RData file in the contains following objects: Embs, Nuclei, Timing and functions getCellFates and SaveNuclei 

Embs  - it is the table with all samples and ID + additional important information about embryos:

"ID" - unique ID

"AB_rel" - relative size of the larger cell AB with respect to the whole embryo

"Outcome" - whether embryo hatched or died

"Genotype" - either wild-type or temperature-sensitive background (ev571 is the allele of lin-5 that we use to make embryos "equalized")

"Experiment" with following values:

meta - this means that embryo was upshifted during metaphase and should be equalized.
ctrls - experiments of two kinds: ev571 embryos upshifted during 2-cell stage (will be normally unequal and nearly fully viable) 2. second control are WT embryos (non-ts) that were imaged at exactly the same conditions as ev571 (17°C) - ids GZ01-GZ10

 "AB_size"  - absolute size (2D cross-section) of AB cell in um2       

"P1_size"           

 "pixel" - pixel size in um               

"Z_slicing" - the distance between slices in 3D in um (this is important because distances in the coordinate system are expressed in relative units Z-slicing/pixelSize)

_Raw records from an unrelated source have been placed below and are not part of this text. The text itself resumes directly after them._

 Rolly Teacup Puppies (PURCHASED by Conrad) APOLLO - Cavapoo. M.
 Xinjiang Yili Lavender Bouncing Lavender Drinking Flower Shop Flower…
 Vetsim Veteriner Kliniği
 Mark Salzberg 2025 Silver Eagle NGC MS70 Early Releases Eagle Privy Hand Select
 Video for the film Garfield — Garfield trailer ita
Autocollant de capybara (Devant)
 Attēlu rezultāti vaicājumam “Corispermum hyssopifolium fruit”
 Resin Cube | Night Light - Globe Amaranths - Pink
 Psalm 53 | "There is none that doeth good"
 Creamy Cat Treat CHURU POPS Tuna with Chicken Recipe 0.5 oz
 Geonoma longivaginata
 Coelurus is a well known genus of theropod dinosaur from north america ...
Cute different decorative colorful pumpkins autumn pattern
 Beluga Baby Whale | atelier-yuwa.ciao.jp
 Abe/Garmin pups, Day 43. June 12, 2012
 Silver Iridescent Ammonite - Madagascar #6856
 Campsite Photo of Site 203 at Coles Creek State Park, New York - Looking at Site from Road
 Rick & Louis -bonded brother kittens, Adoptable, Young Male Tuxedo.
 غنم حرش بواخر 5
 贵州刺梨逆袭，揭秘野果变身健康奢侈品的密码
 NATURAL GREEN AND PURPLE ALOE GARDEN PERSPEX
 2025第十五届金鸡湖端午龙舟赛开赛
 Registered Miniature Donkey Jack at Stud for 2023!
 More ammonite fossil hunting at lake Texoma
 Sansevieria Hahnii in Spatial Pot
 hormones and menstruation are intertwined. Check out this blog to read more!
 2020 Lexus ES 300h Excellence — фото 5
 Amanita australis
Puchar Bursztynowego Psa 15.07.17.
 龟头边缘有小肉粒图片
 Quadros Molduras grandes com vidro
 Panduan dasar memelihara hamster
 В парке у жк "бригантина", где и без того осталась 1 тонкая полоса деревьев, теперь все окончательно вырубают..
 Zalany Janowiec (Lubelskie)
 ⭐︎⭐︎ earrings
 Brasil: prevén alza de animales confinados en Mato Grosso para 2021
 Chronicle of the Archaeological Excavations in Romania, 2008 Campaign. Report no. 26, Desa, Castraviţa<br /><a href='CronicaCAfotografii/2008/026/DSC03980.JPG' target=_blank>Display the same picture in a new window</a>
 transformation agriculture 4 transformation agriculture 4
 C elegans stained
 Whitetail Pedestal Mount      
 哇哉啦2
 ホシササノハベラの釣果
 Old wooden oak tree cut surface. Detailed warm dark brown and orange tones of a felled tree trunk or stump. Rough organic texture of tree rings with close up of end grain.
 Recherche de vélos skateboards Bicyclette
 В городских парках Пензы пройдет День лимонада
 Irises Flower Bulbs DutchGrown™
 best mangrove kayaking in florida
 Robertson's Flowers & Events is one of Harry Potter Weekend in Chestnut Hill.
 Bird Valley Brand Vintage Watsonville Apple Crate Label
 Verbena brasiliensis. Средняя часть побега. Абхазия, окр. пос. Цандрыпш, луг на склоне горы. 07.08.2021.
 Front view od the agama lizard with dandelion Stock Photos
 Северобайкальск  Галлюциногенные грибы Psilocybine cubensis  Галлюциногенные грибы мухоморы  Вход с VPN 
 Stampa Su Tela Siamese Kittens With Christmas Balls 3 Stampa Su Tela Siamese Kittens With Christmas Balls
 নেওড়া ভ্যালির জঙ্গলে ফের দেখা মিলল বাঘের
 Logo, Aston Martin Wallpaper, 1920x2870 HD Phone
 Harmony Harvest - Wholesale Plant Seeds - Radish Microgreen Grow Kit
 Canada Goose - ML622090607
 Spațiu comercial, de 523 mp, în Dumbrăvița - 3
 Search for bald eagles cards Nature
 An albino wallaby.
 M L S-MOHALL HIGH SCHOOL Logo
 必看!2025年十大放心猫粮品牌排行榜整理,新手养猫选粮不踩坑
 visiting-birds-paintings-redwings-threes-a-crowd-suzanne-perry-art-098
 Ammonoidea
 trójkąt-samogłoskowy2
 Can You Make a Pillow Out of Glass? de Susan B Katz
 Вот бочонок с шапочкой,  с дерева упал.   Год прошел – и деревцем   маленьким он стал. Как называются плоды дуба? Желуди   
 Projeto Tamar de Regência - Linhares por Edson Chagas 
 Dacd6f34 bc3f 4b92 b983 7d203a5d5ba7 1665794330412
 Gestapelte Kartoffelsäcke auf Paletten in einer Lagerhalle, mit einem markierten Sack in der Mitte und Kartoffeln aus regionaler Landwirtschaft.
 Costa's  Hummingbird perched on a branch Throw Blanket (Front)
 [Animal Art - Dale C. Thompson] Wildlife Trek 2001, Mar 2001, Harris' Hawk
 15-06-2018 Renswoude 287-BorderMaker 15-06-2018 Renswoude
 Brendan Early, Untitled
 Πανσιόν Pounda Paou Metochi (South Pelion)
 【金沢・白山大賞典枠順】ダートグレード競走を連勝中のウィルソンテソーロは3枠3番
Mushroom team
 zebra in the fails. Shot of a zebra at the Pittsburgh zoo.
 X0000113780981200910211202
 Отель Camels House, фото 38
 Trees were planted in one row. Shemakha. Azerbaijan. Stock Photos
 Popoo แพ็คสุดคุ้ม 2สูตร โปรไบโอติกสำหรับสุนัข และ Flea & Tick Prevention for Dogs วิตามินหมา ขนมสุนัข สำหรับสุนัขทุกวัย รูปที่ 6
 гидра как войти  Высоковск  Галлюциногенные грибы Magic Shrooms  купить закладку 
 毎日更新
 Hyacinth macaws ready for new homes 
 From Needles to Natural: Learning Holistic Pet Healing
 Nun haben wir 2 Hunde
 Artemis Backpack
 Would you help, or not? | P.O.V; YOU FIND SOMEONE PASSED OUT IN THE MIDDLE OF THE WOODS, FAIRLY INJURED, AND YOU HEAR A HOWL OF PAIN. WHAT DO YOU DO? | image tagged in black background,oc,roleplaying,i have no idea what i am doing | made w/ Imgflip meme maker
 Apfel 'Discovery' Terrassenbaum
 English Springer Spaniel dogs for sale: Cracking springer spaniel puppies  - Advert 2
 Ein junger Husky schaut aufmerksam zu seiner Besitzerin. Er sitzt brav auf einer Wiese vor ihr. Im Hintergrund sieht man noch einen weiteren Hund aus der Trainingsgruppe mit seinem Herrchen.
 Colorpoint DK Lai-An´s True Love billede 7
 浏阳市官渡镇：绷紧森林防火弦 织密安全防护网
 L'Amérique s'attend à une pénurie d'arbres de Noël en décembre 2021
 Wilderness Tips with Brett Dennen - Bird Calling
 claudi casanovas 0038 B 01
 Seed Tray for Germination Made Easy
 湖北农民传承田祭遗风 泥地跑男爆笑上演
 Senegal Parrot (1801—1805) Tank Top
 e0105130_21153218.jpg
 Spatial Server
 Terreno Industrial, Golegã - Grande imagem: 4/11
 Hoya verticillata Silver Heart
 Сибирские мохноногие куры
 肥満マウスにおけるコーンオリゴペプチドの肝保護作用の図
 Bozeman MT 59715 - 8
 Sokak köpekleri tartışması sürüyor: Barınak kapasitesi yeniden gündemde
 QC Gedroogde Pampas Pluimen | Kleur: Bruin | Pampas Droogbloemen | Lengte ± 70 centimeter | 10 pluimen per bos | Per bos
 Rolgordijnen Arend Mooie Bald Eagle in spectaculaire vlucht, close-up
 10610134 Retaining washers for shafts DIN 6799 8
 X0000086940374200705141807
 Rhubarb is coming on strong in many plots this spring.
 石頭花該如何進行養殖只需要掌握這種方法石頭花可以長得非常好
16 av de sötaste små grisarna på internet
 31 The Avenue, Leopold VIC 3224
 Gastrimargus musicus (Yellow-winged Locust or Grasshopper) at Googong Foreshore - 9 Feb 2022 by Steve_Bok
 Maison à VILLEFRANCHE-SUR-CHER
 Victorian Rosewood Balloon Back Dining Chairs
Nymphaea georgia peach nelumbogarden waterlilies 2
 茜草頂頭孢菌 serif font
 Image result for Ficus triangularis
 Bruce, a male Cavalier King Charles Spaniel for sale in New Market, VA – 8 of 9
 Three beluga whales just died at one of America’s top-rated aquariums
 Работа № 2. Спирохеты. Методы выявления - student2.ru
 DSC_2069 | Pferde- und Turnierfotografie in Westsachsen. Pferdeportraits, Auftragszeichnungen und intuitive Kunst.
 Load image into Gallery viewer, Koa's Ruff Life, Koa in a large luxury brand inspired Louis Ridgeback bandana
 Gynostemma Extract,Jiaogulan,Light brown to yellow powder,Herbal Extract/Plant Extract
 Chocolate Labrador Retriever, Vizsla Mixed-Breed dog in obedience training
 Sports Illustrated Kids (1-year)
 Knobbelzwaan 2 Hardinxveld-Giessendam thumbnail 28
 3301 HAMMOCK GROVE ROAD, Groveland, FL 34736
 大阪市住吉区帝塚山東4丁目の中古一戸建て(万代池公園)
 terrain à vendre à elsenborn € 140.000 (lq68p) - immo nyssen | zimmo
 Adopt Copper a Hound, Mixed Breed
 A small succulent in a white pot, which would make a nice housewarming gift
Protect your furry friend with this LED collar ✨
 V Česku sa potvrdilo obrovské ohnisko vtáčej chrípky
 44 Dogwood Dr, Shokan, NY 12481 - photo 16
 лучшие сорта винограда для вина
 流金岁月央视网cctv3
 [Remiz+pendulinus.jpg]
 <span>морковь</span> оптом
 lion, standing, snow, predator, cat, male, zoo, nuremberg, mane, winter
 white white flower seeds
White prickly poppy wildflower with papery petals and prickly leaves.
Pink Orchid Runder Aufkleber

"length", "height" - the incomplete manual measurement of the length and width of embryo

"interval", "TimeExpantionFactor" - the interval between individual frames of the time-lapse movie in seconds and expansion factor used to align embryogenesis of all my embryos

Nuclei

3D coordinates for each cell at every time point for every embryo.

It contains lists named according to Embryo ID that contains data.frames named "t001" - "tLastTimeFrame" 
each data.frame you find cells present at a given time... for example:

Nuclei$EM01$t001

ID ALIVE PRED SUCC1 SUCC2   X    Y     Z     SIZE  IDENTITY
1     1   -1             1           -1 .      175  78 16.0    66          ABp 
2     1   -1             2           -1        324 213 18.5   59          EMS
3     1   -1             4           -1        432 129 18.5   58          P2
4     1   -1             3           -1        148 203 21.5   60          ABa

ALIVE is irrelevant because all cells in my embryos at the end of lineaging were alive, PRED - i don't who what that means.
If a cell divides it will have some ID value in SUCC2 

Timing

It is large data.frame containing extracted and scaled timing for individual cells, time when they have appeared (StartTime), and when they divided (EndTime). "Frame" refers to the time-point in the Nuclei. It also contains some movement statistics, which are not normalized for the embryo size.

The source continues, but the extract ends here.